Forgive the Dr. Seuss-like rhyme, but the truth is, when it comes to academic success, the mind is an undeniably powerful player.
In her book Mindset: The New Psychology of Success, psychologist Carol S. Dweck points out that a student’s mindset originates in messages that are either judgmental or developmentally based. This simply means that we learn (through messages from our parents, teachers, coaches and even ourselves) to either love or hate challenges, embrace or fear mistakes, and appreciate or despise effort and learning.
Further, Dr. Dweck says that each of us chooses one of two mindsets: fixed or growth. Those with a fixed mindset, she says, do not believe they can improve on their given talents and skills, viewing challenges not as positive, rather as negative.
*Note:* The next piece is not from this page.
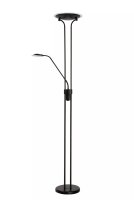 LED Deckenfluter Metall Schwarz 180 cm Leselicht 3000 K
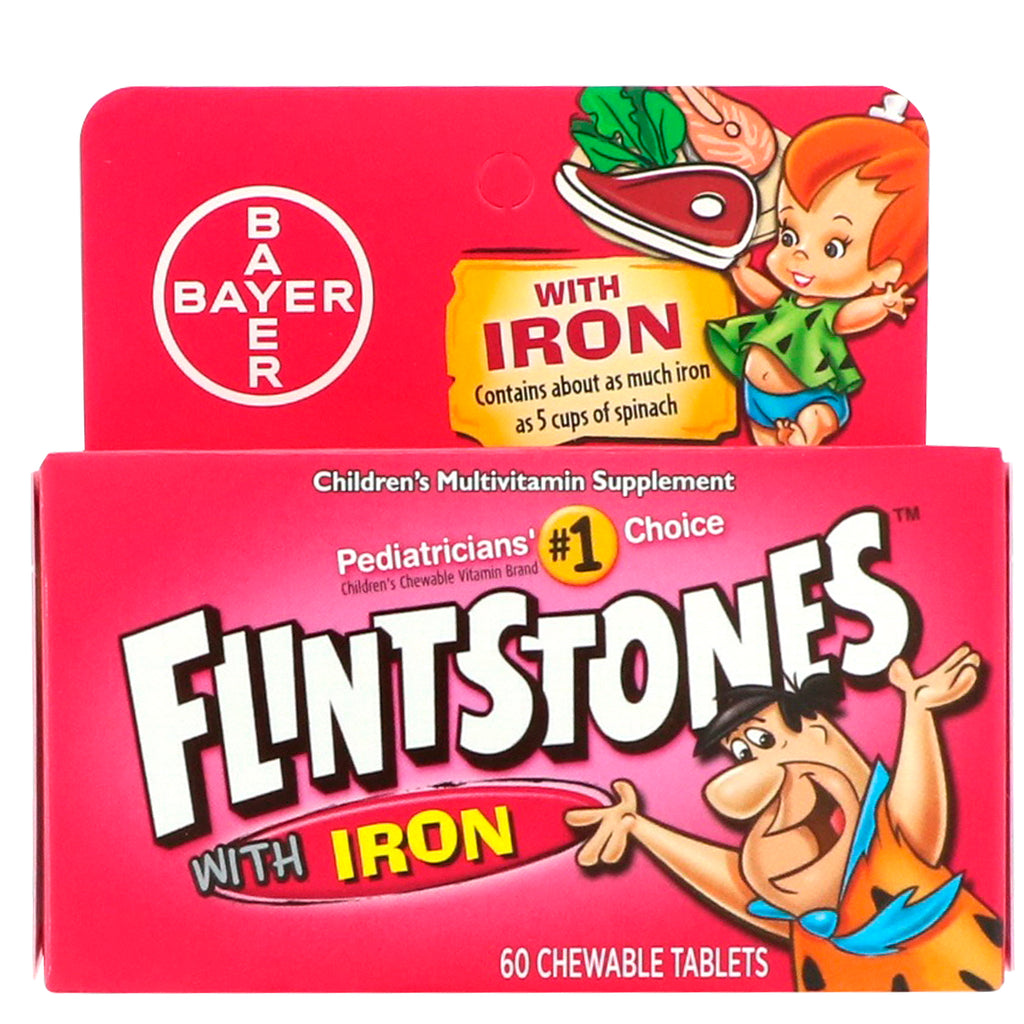 Flintstones, multivitamin til børn med jern, frugtsmag, 60 tyggetabletter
Those with a growth mindset, she says, believe in improvement through hard work and perseverance. As a result, challenges and new opportunities are viewed through the lens of openly pushing towards achievement.
All that to say, you can achieve academic success as an adult learner or non-traditional student who is returning to college simply by adopting the right mindset.
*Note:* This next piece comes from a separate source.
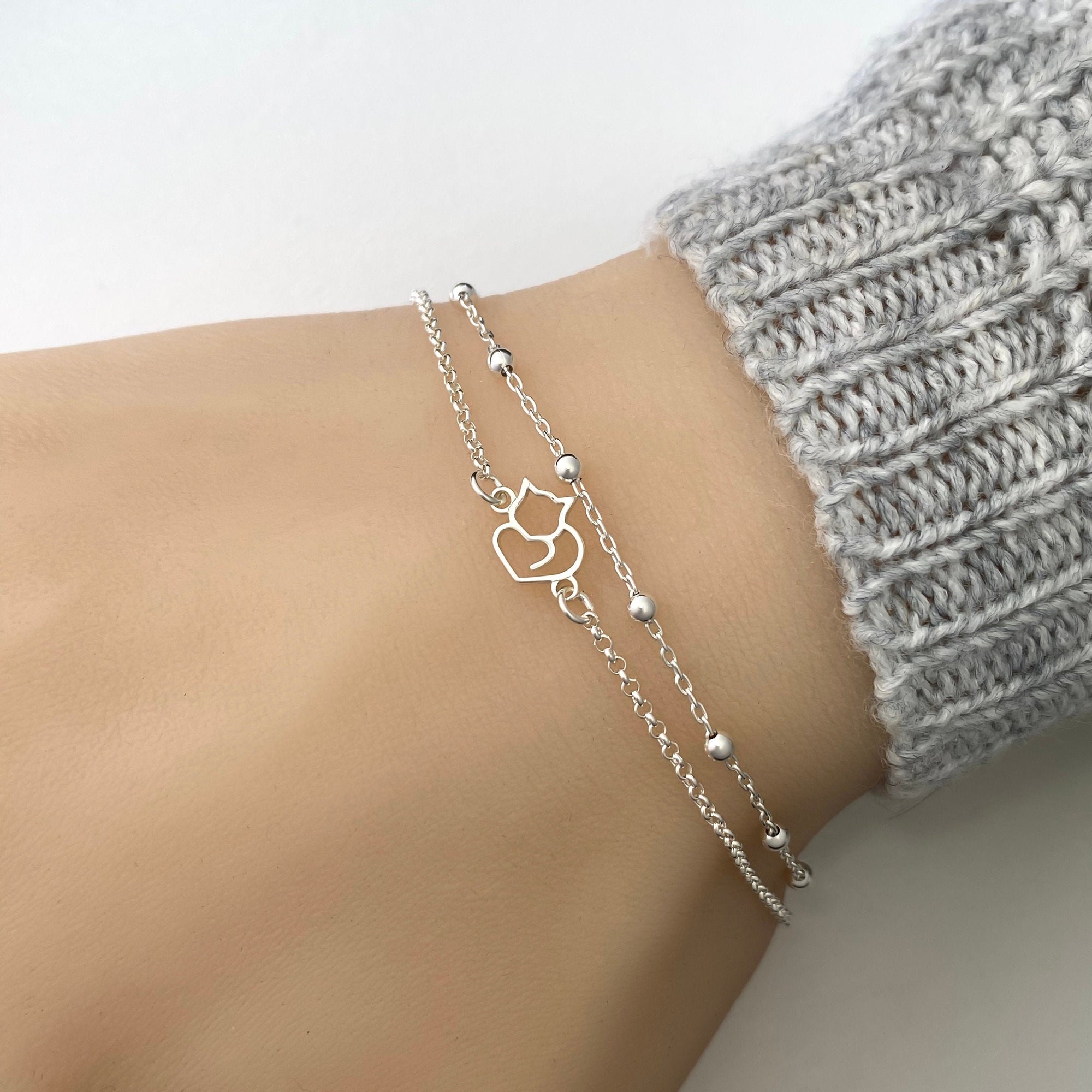 Sterling Silver Cat Bracelet, Layering Cat Bracelet, Cat Lover Gift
- Decide to adopt a growth mindset. Dweck says mindset is a choice. Which means at any time—even right now, instantly—you can choose to move from a fixed mindset to a growth mindset. Her advice is to listen to your self-talk and counter with the growth mindset voice. For example, instead of saying, “I’ll never be good at taking tests,” (fixed-mindset) say, “Taking tests isn’t easy for a lot of people, but I can learn to be a better test-taker” (growth mindset).
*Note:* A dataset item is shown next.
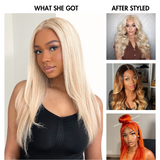 PreMax Wigs | Easily Redyed 613 Silky Straight 5x5 Closure HD Lace Glueless Mid Part Long Wig 100% Human Hair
- Set an academic goal. How can you achieve something if you don’t know what it is? Like any goal setting, be specific, whether you’re reaching for a particular grade or a percentage of improvement. Remember, the person with the growth mindset sees possibility, defines it and then goes for it.
- Keep your goal front and center. Remind yourself of your goal through positive self-talk, visualization or even something tangible like a sticky note that says something like, “I am a champion test taker.”
- Recognize and reward your achievements appropriately. In her research, Dr. Dweck found that certain kinds of praise, such as “good job, you’re very smart,” can actually contribute to a fixed mindset; whereas praising through encouragement, such as “good job, you worked very hard,” can help develop a growth mindset. In other words, celebrate your achievements but don’t rest on them too long—you have much more you can accomplish if you try.